Join us for Black on Screen: A Century of Radical Visual Culture as we continue our theme “100 Years of Black Music on Camera.” From Jazz, to Funk, to Hip-Hop, this season celebrates the sonic archive of Black life as seen and heard on film. This program is an ode to piano virtuoso, Mary Lou Williams.
This afternoon program begins with an intimate performance by pianist and composer, Camila Cortina Bello in Schomburg Center’s Latimer Gallery. Bello will perform next to Aaron Douglas’s rousing four-panel mural, “Aspects of Negro Life” (1937) currently installed in the gallery as part of Schomburg’s centennial exhibition,100: A Century of Collections, Community, and Creativity. The performance will be followed by a screening in the American Negro Theatre of an interview with the late Jazz pianist, Mary Lou Williams, selected from Schomburg’s Moving Image and Recorded Sound Division collection.

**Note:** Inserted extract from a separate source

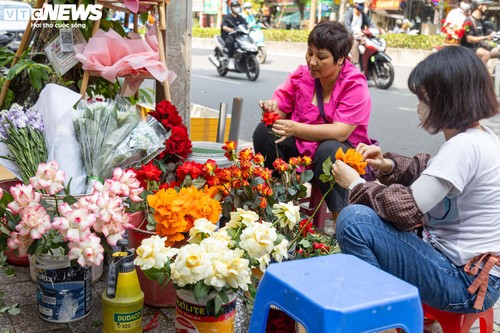 Giá hoa 20/10 tăng mạnh, người bán không kịp ngơi tay - ảnh 4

Mary Lou Williams (1910-1981) was not only the First Lady of jazz; she has a place at the very top echelon of the jazz pantheon. Ms. Williams wrote over 350 compositions throughout her rich and highly eclectic musical career. She also helped spawn an entire generation of young musicians during the 1940s that would precipitate the birth of one of the world’s most influential musical styles, known as bebop . Her students included musicians as influential and varied as Miles Davis, Dizzy Gillespie, Thelonious Monk, Charlie Parker, and countless others.